Archaeologists have discovered an exceptional group of more than 250 9th century coins in a bog near Ribe, Denmark. A metal detector hobbyist found the first coin earlier this year, an extremely rare piece known as a face/deer coin after the stylized face design on the obverse and the deer going nose-to-nose with a snake on the reverse. Only 11 face/deer coins were known to exist before this summer. The Museum of Southwest Jutland got wind of it on August 14th and contacted the finder the next day. That’s when they discovered there wasn’t just one more face/deer coin, but a whole bunch more, likely deposited in the wetland as a ritual sacrifice.
With the help of the finder, museum archaeologists surveyed the site using metal detectors and precision GPS to document every discovery. Over two days, they found 174 coins, 172 of them face/deer coins, the last two with Viking ships adorned with shields on the obverse and deer on the reverse. The coins were spread over an elongated oval about 165 by 50 feet in area, a distribution typical of coin deposits that have been scattered by repeated passes with plows. The way they were spread out suggests they were not buried in the bog, but rather placed on the ground in a single deposit, likely in a bag that was torn apart and destroyed over the centuries.
The team returned to the site in late October to excavate it. This time they found another 78 coins, 77 face/deer, 1 ship/deer. The condition of all of the coins is excellent. They were in such great shape that many of them shone like new through the clods of peat when they were recovered by the archaeologists.
“This is an exceptional find that means a quantum leap in our understanding of minting. They are Danish coins and clearly minted for the purpose of being implemented in Ribe,” [Museum of Southwest Jutland’s Claus] Feveile told DR Nyheder.

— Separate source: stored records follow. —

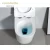 Import Modern design toilet easy clean water bathroom round wall mounted rimless ceramic wall hung toilet from China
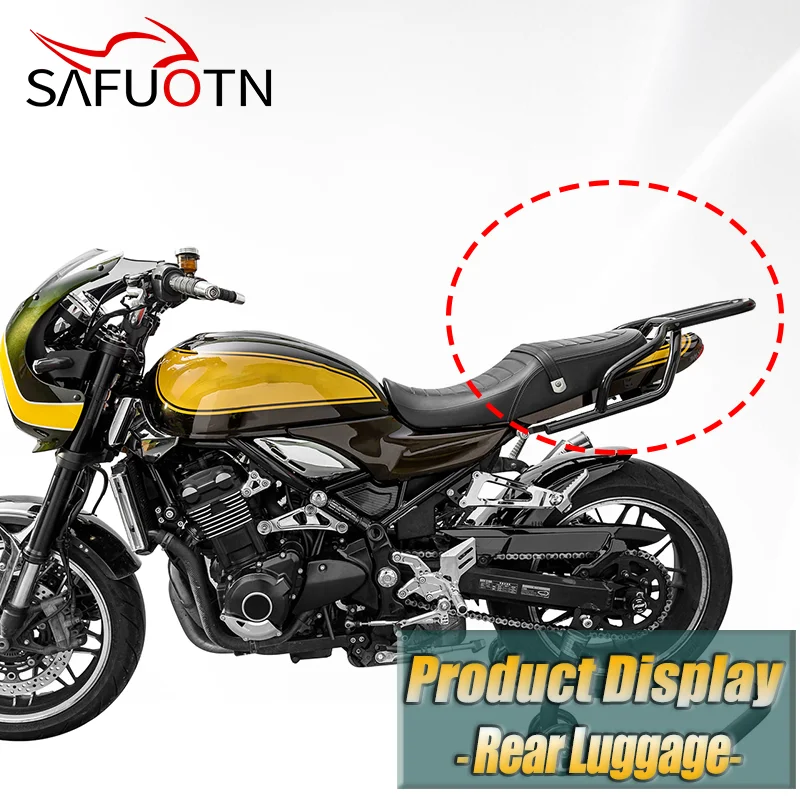 Rear Luggage Cargo Rack Carrier Mount Backrest For Kawasaki Z900 RS SE Cafe ABS 2018-2025 2024  Motorcycle Shelf Holder Support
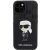 Közelkép a Karl Lagerfeld Ikonik iPhone 15 Tokról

“This completely shifts our understanding of how we used to mint and the process of coin production.”
With no loops, perforations or clippings, it’s clear the coins were part of a money economy before their ritual deposition. The question of how much of a real monetary economy early Viking cities employed as opposed to a precious metal weight economy is a fraught one in the scholarship, and finding so many coins deposited in one place and preserved in perfect condition will give numismatic experts the unique opportunity to determine how many of these coins were minted and circulated. Initial examinations have already revealed that many different stamps were used to strike the coins, indicating a significant output that was in no way imaginable based solely on the two handfuls of coins known before this summer.
When these coins were struck in the first half of the 9th century, Gudfred and later his sons ruled as kings of the Danes. Gudfred is the first Danish king we have decently reliable evidence of in contemporary chronicles. He fought against Charlemagne and the Franks. His son Horik I (the only son whose name is recorded but not the only one to rule) carried on his father’s legacy by raiding the Carolingian Empire of Charlemagne’s son Louis the Pious. We know little about Gudfred and his sons’ monetary policies or really much of anything about their reigns beyond their interactions with the Franks. The hoard may shed a whole new light on an obscure historical period.
The coins unearthed thus far were briefly on display at the Museum of Southwest Jutland for a week until November 4th before being removed for further study. The excavation at the find site continued through October 25th. Between August and now, a total of 252 coins have been recovered. Archaeologists don’t think there are many, or even any, left to find.